→ EXERCISE
Give back exactly the lines of the material below, starting with the line with "Póster de Rosa - Il canto delle sirene" and going on through the line with "2012 FORD FOCUS".

→ DATA RECORDS
=====
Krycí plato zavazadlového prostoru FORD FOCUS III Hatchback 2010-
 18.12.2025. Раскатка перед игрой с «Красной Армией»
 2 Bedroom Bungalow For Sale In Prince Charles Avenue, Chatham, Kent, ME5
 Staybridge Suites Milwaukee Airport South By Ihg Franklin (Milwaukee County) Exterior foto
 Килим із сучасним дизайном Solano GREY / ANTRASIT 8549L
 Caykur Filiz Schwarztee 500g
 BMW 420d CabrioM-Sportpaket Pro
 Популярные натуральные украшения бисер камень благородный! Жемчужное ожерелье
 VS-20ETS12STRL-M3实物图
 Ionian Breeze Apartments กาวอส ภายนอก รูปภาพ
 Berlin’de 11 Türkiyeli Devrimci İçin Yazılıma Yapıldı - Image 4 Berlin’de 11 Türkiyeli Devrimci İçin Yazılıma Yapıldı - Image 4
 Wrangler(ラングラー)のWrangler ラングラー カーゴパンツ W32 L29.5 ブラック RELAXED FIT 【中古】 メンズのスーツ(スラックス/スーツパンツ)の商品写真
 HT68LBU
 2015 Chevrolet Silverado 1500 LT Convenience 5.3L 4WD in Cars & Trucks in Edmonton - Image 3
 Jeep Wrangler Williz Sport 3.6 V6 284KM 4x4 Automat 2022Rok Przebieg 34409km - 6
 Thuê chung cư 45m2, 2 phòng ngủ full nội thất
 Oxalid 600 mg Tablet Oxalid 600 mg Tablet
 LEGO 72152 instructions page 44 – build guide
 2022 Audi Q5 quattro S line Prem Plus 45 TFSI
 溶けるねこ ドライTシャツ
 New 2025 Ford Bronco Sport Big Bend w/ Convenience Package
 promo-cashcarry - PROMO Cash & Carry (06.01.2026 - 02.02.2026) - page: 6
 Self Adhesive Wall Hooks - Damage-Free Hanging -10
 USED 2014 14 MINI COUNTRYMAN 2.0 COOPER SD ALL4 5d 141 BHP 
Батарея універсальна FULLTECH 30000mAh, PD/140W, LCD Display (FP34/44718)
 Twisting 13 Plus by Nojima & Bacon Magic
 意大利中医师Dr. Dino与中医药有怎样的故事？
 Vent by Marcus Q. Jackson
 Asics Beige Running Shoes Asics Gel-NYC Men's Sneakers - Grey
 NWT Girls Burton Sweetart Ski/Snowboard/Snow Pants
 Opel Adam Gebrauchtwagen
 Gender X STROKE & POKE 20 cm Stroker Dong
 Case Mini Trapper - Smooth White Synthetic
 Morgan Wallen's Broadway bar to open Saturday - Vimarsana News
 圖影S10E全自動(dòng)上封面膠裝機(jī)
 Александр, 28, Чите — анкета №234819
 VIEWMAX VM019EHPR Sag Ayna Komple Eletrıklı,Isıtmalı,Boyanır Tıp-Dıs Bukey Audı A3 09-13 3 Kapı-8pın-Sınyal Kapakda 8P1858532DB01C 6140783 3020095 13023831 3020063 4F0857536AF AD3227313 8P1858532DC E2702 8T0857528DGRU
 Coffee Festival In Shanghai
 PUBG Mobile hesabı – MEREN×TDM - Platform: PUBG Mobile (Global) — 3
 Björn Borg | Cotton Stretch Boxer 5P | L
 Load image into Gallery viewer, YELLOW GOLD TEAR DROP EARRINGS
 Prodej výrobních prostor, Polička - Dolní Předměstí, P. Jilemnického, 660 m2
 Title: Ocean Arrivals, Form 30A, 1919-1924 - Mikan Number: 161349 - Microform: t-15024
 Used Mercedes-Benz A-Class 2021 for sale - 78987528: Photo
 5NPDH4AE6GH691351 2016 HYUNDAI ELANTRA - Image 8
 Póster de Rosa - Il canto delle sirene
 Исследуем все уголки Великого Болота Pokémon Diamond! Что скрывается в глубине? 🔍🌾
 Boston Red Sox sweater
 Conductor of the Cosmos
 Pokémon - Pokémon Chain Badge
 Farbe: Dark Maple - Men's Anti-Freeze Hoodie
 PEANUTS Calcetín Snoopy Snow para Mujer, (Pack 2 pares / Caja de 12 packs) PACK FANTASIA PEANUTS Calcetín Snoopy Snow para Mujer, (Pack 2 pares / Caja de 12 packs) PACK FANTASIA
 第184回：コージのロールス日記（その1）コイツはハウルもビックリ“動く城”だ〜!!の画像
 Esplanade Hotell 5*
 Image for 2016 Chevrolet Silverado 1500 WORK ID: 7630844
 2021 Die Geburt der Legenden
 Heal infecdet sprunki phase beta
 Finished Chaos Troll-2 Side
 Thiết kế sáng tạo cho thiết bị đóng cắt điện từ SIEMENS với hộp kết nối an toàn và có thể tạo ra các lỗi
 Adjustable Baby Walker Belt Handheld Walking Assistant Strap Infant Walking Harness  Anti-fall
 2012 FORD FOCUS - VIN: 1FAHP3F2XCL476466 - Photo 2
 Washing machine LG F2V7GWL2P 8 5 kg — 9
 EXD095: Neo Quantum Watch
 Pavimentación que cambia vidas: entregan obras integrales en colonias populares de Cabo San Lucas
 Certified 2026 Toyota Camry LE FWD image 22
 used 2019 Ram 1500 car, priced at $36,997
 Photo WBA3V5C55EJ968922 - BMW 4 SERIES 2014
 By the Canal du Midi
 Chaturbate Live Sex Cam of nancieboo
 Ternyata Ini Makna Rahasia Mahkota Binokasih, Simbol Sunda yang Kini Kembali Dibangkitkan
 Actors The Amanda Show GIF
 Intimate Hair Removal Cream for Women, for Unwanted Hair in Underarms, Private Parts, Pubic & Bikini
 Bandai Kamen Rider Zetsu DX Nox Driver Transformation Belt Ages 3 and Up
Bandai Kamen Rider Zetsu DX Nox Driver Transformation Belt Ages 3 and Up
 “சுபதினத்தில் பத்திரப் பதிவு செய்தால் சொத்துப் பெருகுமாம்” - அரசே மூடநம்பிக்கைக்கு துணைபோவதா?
=====
→ TASK RESULT
 Póster de Rosa - Il canto delle sirene
 Исследуем все уголки Великого Болота Pokémon Diamond! Что скрывается в глубине? 🔍🌾
 Boston Red Sox sweater
 Conductor of the Cosmos
 Pokémon - Pokémon Chain Badge
 Farbe: Dark Maple - Men's Anti-Freeze Hoodie
 PEANUTS Calcetín Snoopy Snow para Mujer, (Pack 2 pares / Caja de 12 packs) PACK FANTASIA PEANUTS Calcetín Snoopy Snow para Mujer, (Pack 2 pares / Caja de 12 packs) PACK FANTASIA
 第184回：コージのロールス日記（その1）コイツはハウルもビックリ“動く城”だ〜!!の画像
 Esplanade Hotell 5*
 Image for 2016 Chevrolet Silverado 1500 WORK ID: 7630844
 2021 Die Geburt der Legenden
 Heal infecdet sprunki phase beta
 Finished Chaos Troll-2 Side
 Thiết kế sáng tạo cho thiết bị đóng cắt điện từ SIEMENS với hộp kết nối an toàn và có thể tạo ra các lỗi
 Adjustable Baby Walker Belt Handheld Walking Assistant Strap Infant Walking Harness  Anti-fall
 2012 FORD FOCUS - VIN: 1FAHP3F2XCL476466 - Photo 2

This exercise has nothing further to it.